Riusciva a sovvertire/sovvertirsi in un senso di appartenenza alla forma dei suoi immaginifici ritratti di donna e dei paesaggi dei suoi inizi – inizi che non hanno una vera collocazione storica riferendosi all’essere nato già sapendo della pittura – e ritrovarsi dentro un’improvvisa stesura dell’immagine simbolica. La terra, come il resto, si abbandona, si respinge e si trattiene, ed è in questo luogo senza estremità, mai deposto, che il suo segno viveva innovando e cristallizzando.

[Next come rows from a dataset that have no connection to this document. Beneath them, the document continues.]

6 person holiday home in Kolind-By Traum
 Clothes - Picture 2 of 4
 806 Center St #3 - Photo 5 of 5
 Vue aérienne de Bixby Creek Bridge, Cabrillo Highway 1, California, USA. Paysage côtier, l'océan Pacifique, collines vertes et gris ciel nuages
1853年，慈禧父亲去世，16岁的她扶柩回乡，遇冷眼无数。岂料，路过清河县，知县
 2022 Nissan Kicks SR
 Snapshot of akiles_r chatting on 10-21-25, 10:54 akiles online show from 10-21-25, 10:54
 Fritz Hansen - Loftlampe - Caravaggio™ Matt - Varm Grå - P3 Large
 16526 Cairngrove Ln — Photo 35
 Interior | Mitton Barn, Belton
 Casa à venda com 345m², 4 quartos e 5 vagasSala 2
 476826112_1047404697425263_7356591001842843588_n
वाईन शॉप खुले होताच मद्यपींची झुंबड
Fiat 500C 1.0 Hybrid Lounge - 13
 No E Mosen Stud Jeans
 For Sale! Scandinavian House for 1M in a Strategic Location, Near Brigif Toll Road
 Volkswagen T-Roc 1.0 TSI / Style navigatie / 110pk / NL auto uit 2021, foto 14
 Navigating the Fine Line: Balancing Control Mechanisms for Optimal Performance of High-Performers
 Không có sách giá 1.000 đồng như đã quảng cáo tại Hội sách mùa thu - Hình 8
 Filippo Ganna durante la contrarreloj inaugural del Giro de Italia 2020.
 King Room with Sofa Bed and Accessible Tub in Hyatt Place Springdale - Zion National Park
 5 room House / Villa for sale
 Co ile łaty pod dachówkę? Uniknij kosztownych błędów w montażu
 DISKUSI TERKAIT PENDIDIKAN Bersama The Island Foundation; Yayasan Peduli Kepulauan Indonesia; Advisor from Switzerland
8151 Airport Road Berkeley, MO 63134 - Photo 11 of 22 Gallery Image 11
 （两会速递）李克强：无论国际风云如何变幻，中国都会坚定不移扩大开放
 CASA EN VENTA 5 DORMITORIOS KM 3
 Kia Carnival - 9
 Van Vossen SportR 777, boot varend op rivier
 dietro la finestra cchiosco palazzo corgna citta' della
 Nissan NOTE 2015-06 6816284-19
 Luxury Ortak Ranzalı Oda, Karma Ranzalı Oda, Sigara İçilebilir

A Genova, dove ha abitato dal 1982 al 1988, nasce l’amato figlio Gabriele e nella sua casa-studio popolatissima sono cresciute sintonie artistiche e progettuali che Castiglia non ha mai dimenticato.
Viaggiando negli anni successivi lui stesso e le sue opere fra Austria, Francia, Stati Uniti, Arabia Saudita, Italia la traccia del suo pennello continuava a premere sull’anima con una potenza trasformatrice che, come la prima volta che lo guardavi dipingere, era capace di destrutturare le visioni portate dentro fino ad allora.
Ma è la Sicilia il suo luogo vivente dove riusciva a scovare il passo dalle sensazionali viscere dell’ archetipo nella recente mostra di Palermo agli ultimi lavori, quasi in volo.
La sua melancolia sovvertitrice, il suo occhio mai domato e mai dominante, non cederanno alla finzione né alla sua scomparsa.